Однажды, в разгар нашей любви с Юкией, я вдруг, по русской жажде копаться в душе и выяснять смысл жизни, стал расспрашивать о ее планах, мечтах и, так сказать, общей перспективе. Мало мне было ее любви, мне обязательно надо было выяснить прошлое, будущее, а также духовные запросы.
На какой-то миг она растерялась, украдкой посмотрела на О. Позже, вспоминая об этом вечере, я понял свою бестактность, я грубо нарушил правила игры, как дикарь залез на сцену ощупывать декорации. О. едва заметно кивнул, и Юкия растроганно повелитель соизволил заинтересоваться ее ничтожной особой! рассказала о себе. Ей уже двадцать три года. Несколько лет она обучалась этой своей специальности и вот уже лет шесть работает здесь. Весной она собирается выйти замуж. Жених? Его еще нет. Есть деньги. Это главное. Она скопила ту сумму, с которой так, очевидно, принято - можно выходить замуж. Если подходящего парня она не найдет, то поработает еще сезон. А если и будущей весной с замужеством не получится, то она откроет собственное заведение. Пора, пора, работать становится все тяжелее. Непривычный этот разговор сбил ее, редко кто интересовался утренней и дневной Юкией, одинокой женщиной, озабоченной ежедневными расчетами, ценами, занятой с утра подготовкой к вечерней своей работе. Надо разучивать новые песенки, сделать массаж, гимнастику, целый комплекс, чтобы быть в форме, сохранить свежесть, вид идеальной нашей возлюбленной. Кого на нынешний вечер пошлет судьба - загулявших шелководов из Нагано, французских моряков, бизнесменов, студентов, больных печенью маклеров, жаждущих утешений и лирики, или одиноких неудачников, которые ищут простого сочувствия? Каждый раз ей надо находить единственно правильную роль.
Юкия повертела бокал, всматриваясь в блеклую желтизну вина. Лицо ее поднялось над улыбкой, которая сковывала ее губы, злое и грустное лицо, вышедшее из повиновения.
Мне захотелось посочувствовать ей, приободрить. Слова, что приходили па ум, были не те - или фальшивые, или обидные. И жесты не те. Мы как бы поменялись ролями, и я почувствовал, до чего трудна ее профессия, как нелегко проникнуться заботами чужой души. Юкия взяла мою руку, потерлась носом о ладонь и сказала все слова, которые я искал, с какой-то незаметной ловкостью она все сместила, повернула, и получилось, что это я чуткий, добрый, заботливый, и опять я был вознесен и грелся в се признательности.
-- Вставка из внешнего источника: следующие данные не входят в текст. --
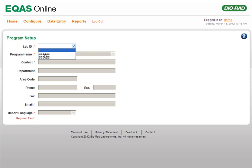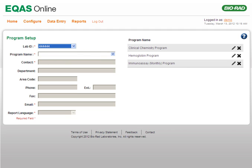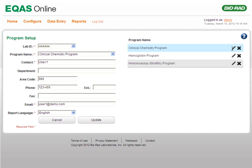Select the appropriate lab number from the Lab ID list. The Program Setup page now displays a list of programs the lab is enrolled for. Click the Edit icon corresponding to the program you want to edit. Alternatively, select the Program Name from the Program Name list. The details of the program are populated on the page. Edit the details as required and click the Update button.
По ковровой дорожке мы неохотно спускались вниз, на улицу. Мы шли вслед за другими компаниями таких же разнеженных от счастья мужчин и влюбленных в них женщин. Маленькая рука Юкии лежала в моей руке, другая ее маленькая рука обнимала Сомова, третья рука поддерживала О.-сана, остальные ее свободные руки обмахивались веером, вдевали гвоздики в петлицы наших пиджаков, она была двадцатируким Буддой, а я воздушным шаром, аэростатом, раздутым от любви к людям, от любви к самому себе, лучшему из всех, кого я знал. Я держался за Сомова, чтобы меня не унесло.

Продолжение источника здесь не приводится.